Avi Wigderson: Randomness and pseudorandomness:
Is the universe inherently deterministic or probabilistic? Perhaps more importantly - can we tell the difference between the two?
Humanity has pondered the meaning and utility of randomness for millennia.
There is a remarkable variety of ways in which we utilize perfect coin tosses to our advantage: in statistics, cryptography, game theory, algorithms, gambling... Indeed, randomness seems indispensable!
Which of these applications survive if the universe had no randomness in it at all? Which of them survive if only poor quality randomness is available, e.g. that arises from "unpredictable" phenomena like the weather or the stock market?
Pseudorandomness is the study, by mathematicians and computer scientists, of deterministic structures which share some properties of random ones.
Understanding pseudorandom objects and constructing them efficiently leads to a surprisingly positive answers to the questions above, namely that much can be done with poor quality randomness, of even without any randomness at all. I plan to explain key aspects of this theory, and mention some of Endre Szemeredi's contributions to pseudorandomness.
The talk is aimed at a general audience, and no particular background will be assumed.
Endre Szemerédi: In every chaos there is an order
The chaos and order will be defined relative to three problems.
1. Arithmetic progressions
This part is connected to a problem of Erdős and Turán from the 1930's. Related to the van der Waerden theorem, they asked if the density version of that result also holds:
Is it true that an infinite sequence of integers of positive (lower) density contains arbitrary long arithmetic progressions?
The first result in this direction was due to K. F. Roth, who proved that any sequence of integers of positive (lower) density contains a three-term arithmetic progression.
I will give a short history of the generalization of Roth's result and explain some ideas about the "easiest"" proof.
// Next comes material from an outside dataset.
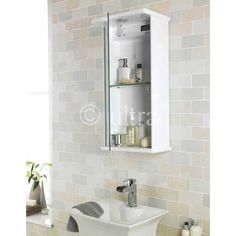 a white sink sitting under a bathroom mirror next to a wall mounted medicine cabinet in a bathroom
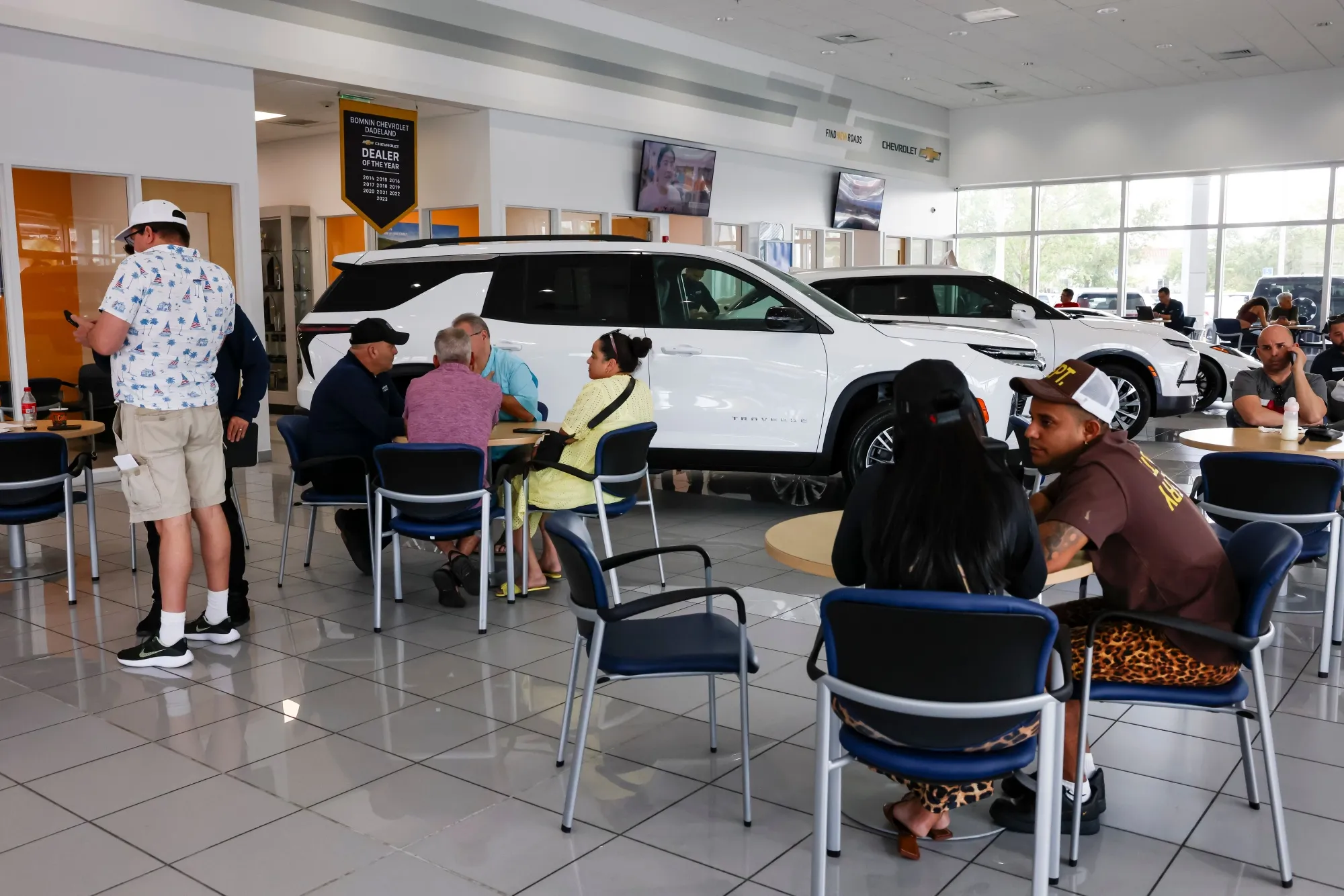 Customers wait at a General Motors Co. Chevrolet dealership in Miami.&nbsp;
2. Long arithmetic progression in subset sums
I will give exact bound for the size of longest arithmetic progression in subset sums. In addition, I shall describe the structure of the subset sums, and give applications in number theory and probability theory.
3. Embedding sparse graphs into large graphs
László Lovász: The many facets of the Regularity Lemm
The Regularity Lemma of Szemeredi, first obtained in the context of his theorem on arithmetic progressions in dense seuqences, has become one of the most important and most powerful tools in graph theory. It is basic in
extremal graph theory and in the theory of property testing. Weaker versions with better bounds (Frieze and Kannan) and stronger versions (Alon, Fisher, Krivelevich and Szegedy) have been proved and used. However, the
significance of it goes way beyond graph theory: it can be viewed as statement in approximation theory, as a compactness result for the completion of the space of finite graphs, as a result about the dimensionality of a metric space associated with a graph, as a statement in information theory. It serves as the archetypal example of the dichotomy between structure and randomness as pointed out by Tao. Its extensions to hypergraphs, a difficult problem solved by Gowers and by Rodl, Skokan and Schacht, connects with higher order Fourier analysis.
Timothy Gowers: The afterlife of Szemerédi’s theorem
Szemerédi's theorem asserts that every set of integers of positive upper density contains arbitrarily long arithmetic progressions. This result has been extraordinarily influential, partly because of the tools that Szemerédi introduced in order to prove it, and partly because subsequent efforts to understand the result more fully have led to progress in many other areas of mathematics, including combinatorics, ergodic theory, harmonic analysis and number theory. I shall discuss some of these later developments, to which Szemerédi himself made several essential contributions.